=== Work instruction ===
Leave every image behind and restate the data word for word.

=== Data ===
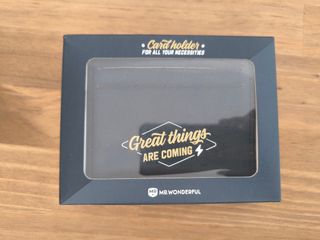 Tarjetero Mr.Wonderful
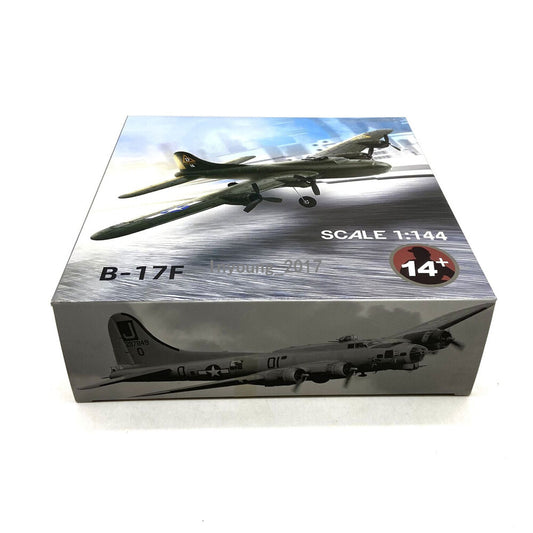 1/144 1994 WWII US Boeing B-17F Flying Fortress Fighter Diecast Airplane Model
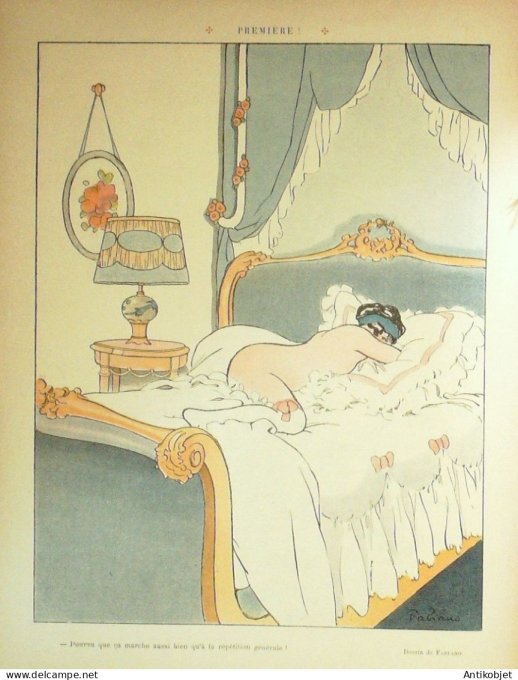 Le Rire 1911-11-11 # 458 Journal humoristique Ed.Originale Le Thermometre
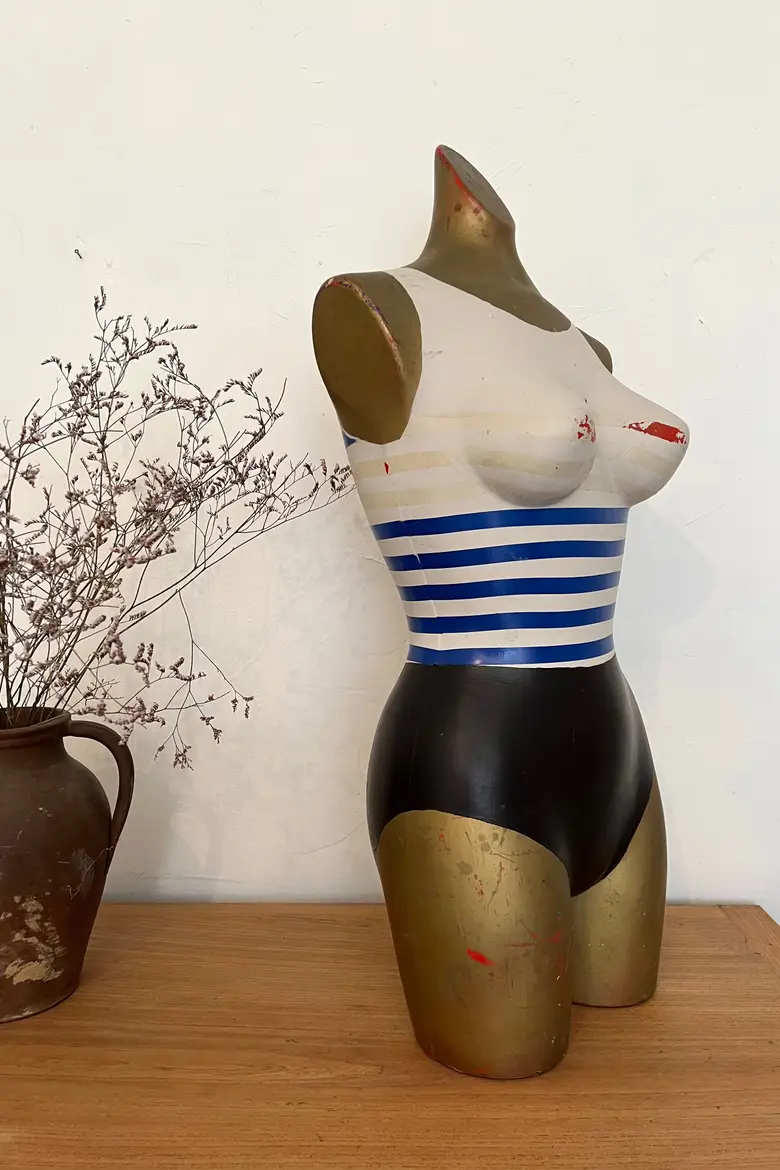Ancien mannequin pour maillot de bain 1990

=== Your solution ===
 Tarjetero Mr.Wonderful
 1/144 1994 WWII US Boeing B-17F Flying Fortress Fighter Diecast Airplane Model
 Le Rire 1911-11-11 # 458 Journal humoristique Ed.Originale Le Thermometre
Ancien mannequin pour maillot de bain 1990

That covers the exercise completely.